Should never buy anything to do with reptiles at pets at home... A) Prices are sky high B) Most of them haven't got a spec of experience and just read from a book.. Go to a reptile specialists store..


----------



## Nikola (Aug 23, 2010)

*viv tempature*

I brought all my stuff from a reptile specialist, im just getting the dragon from Pets at Home.


----------



## Meko (Apr 29, 2007)

baggylettuce said:


> if you have a dimmer thermostat then just turn the uv light off at night and then turn the thermostat down to so then when the temp goes down the light will light up slightly in the night to keep the temps right try get it around 70 ish at night. also go to a reptile shop not pets at home and ask to see their set ups and get them to help you they will help you more and provide you with better information then pets at home


tell you what, pm me your address. I'll nip round to yours during the night and keep turning your bedroom light on and off when you're trying to sleep.


----------



## Meko (Apr 29, 2007)

Nikola said:


> Thank you all for your advice looks like i have sorted the tempature problem, i have a log under the basking light is that ok. Im going Tuesday and not leaving without him otherwise im just going to look for someone in Tamworth that as one will let you know when my new arrival is here cant wait. xx


A log under it is what most others use; either a log or a rock so the beardie can get closer to the basking light. 
If you look in lizards > pictures or habitat > pictures you'll be able to get an idea of how everybody else has theirs set up.


----------



## Nikola (Aug 23, 2010)

*viv tempature*

Thanks for your advice Meko i have found a reptile specialist so im going to give them a call today, i turned all the lights off last night but when i woke up this morning around 8ish the sun lamp had come on is this right?

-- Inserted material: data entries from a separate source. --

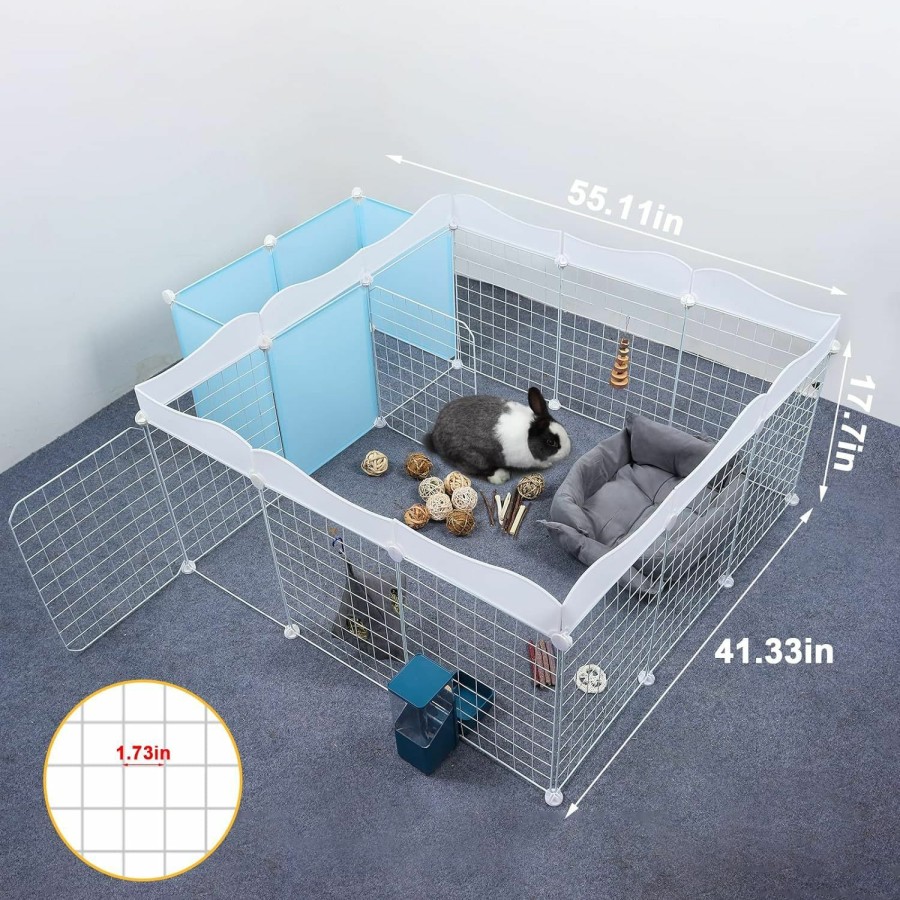 Small Animal DAMPET | Dampet Diy Small Animals Playpen Indoor With Door, 16 Panel Diy Rabbit Playpen Metal Yard Fence, Small Animal Exercise Cage For Rabbit, Bunny, Guinea Pig, Small-Sized Dog And Kitten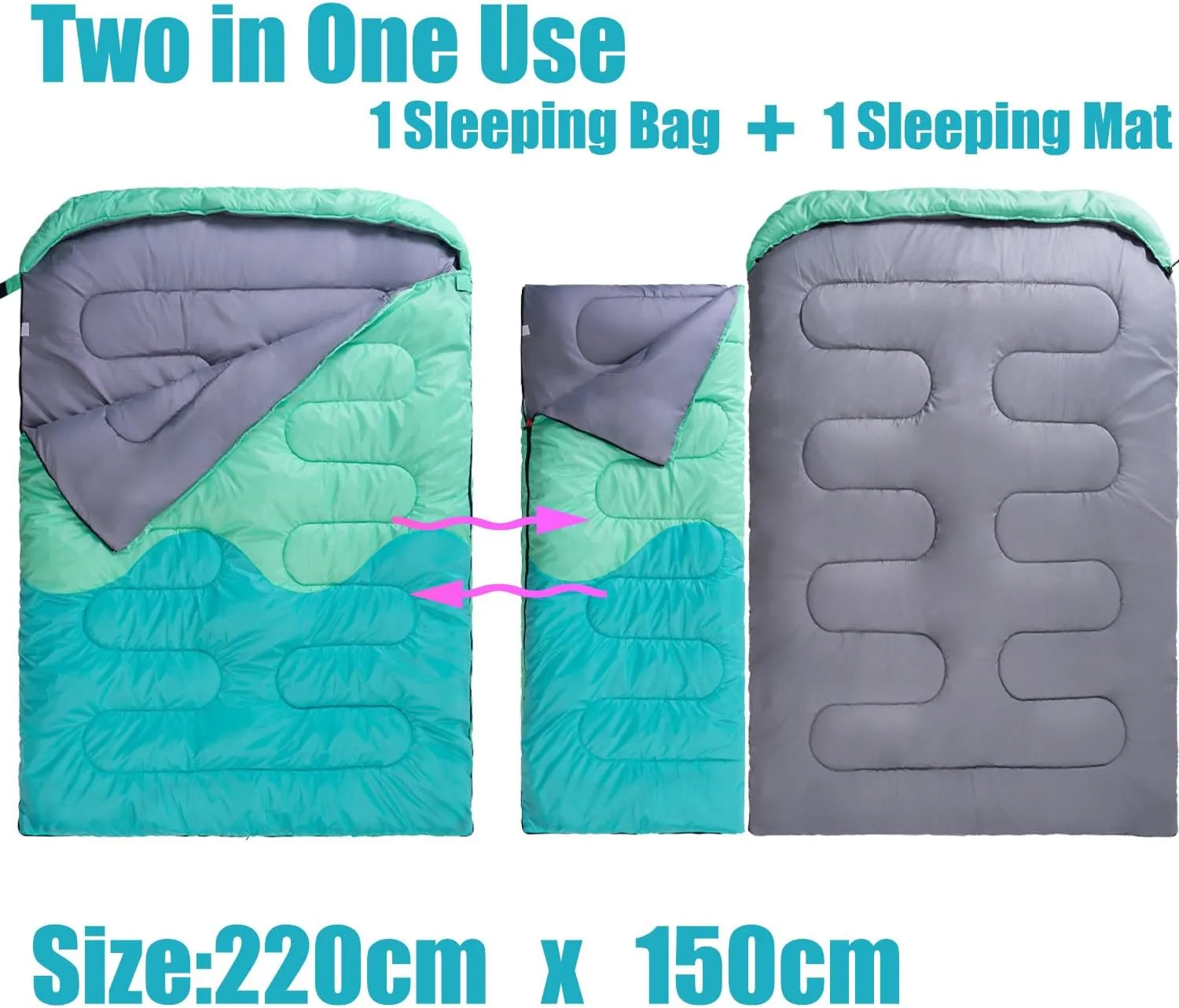 Sleeping Bag - Double Camping Sleeping Bags 2 Person for Adults Kids Boys Girls for Hiking Backpacking - Warm Cold Weather Lightweight Portable with Compression Bag for Indoors Outdoors Activities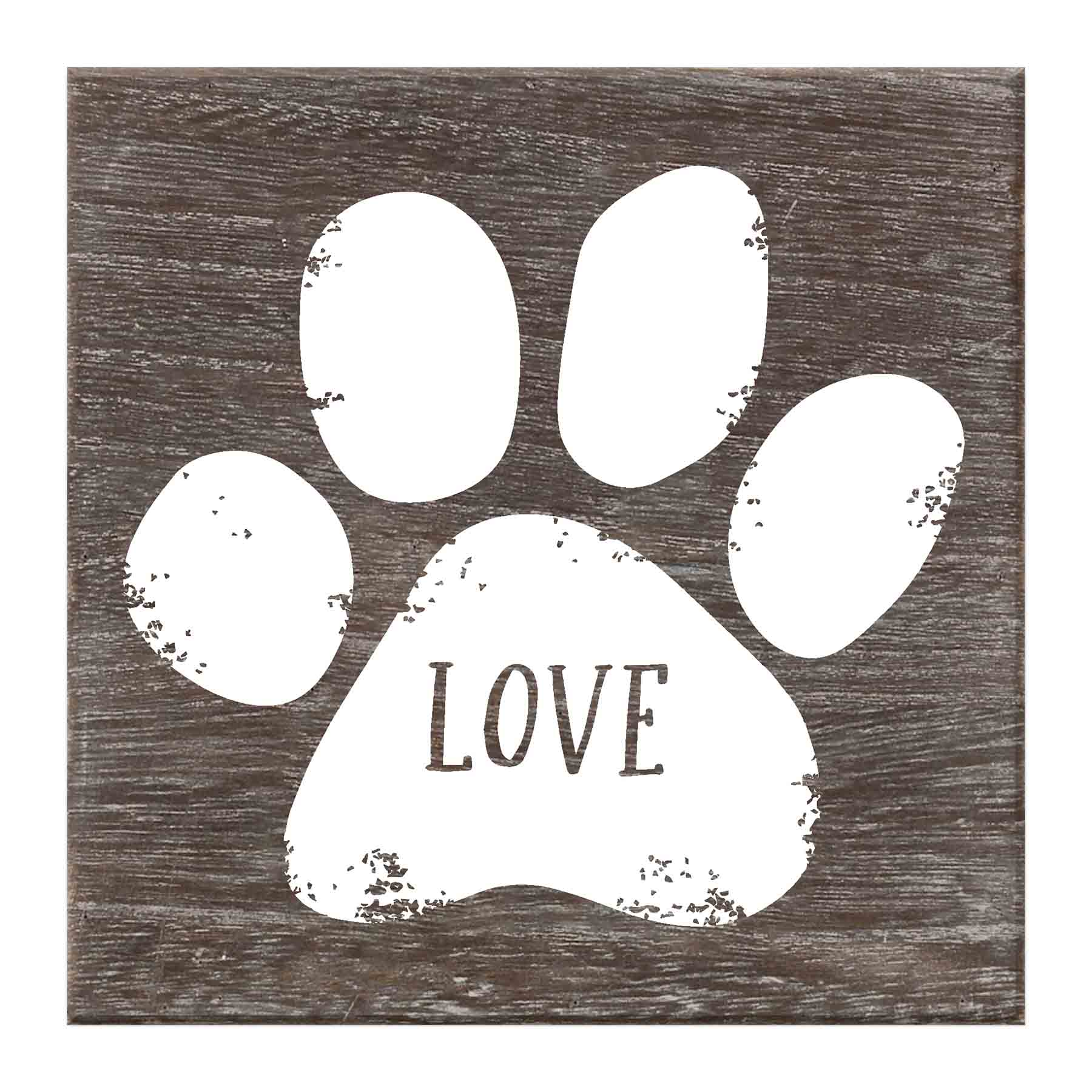 Greywash with White Paw & Love Printed Sentiment Wall Art, 6"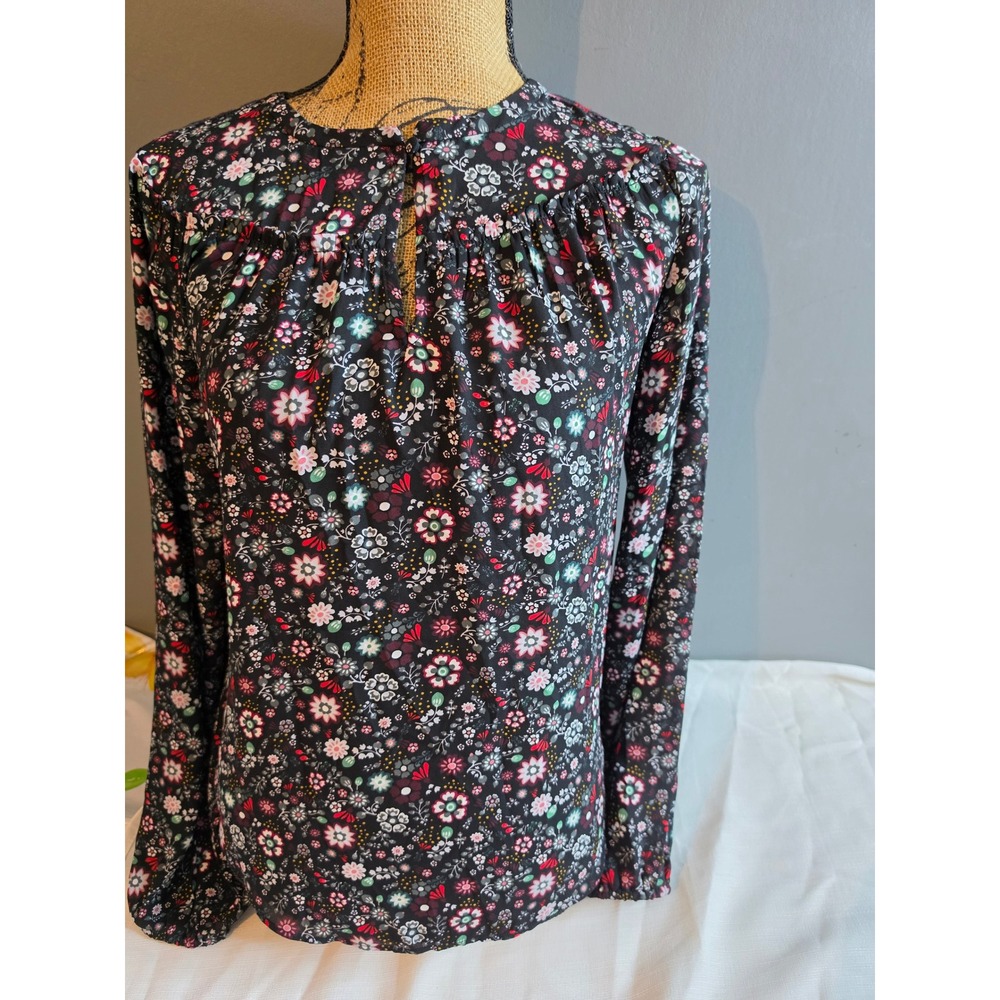 LOFT Floral Keyhole Blouse Black Multi-Color Long Sleeve Top XS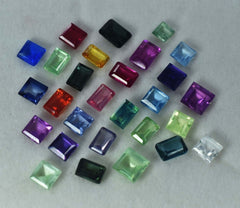 24 Pcs Natural Sapphire CERTIFIED Gemstone Baguette Shape 8x6 MM Lot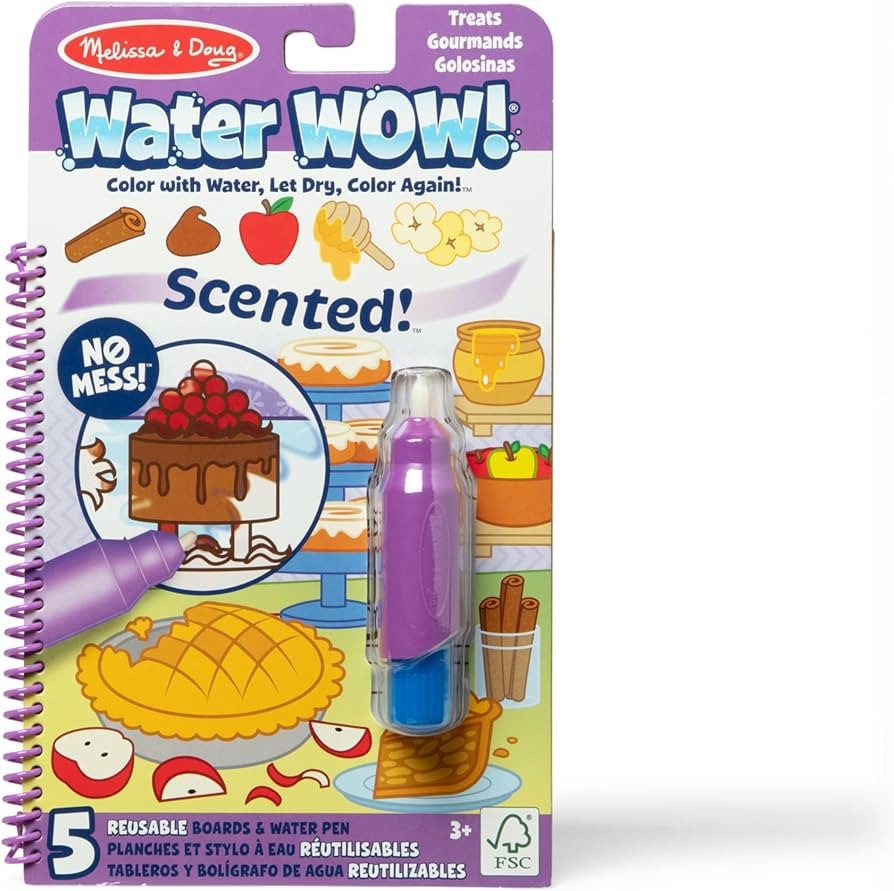 Melissa & Doug Scented Water Wow! Reusable Water-Reveal Coloring Activity Pad Travel Toy – Trea... | Amazon (US)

Lol and thanks for the cheeky reply at the end. : victory:


----------



## Meko (Apr 29, 2007)

what's the lamp plugged into? have you got it on a timer?

you usually turn all the lights off at night and on in the morning, but if you use a timer for the lights you can set them to come on when required.


----------



## Nikola (Aug 23, 2010)

*viv tempature*

I have it plugged into a ThermoControl II and it is set to 30c with 5 eitherway


----------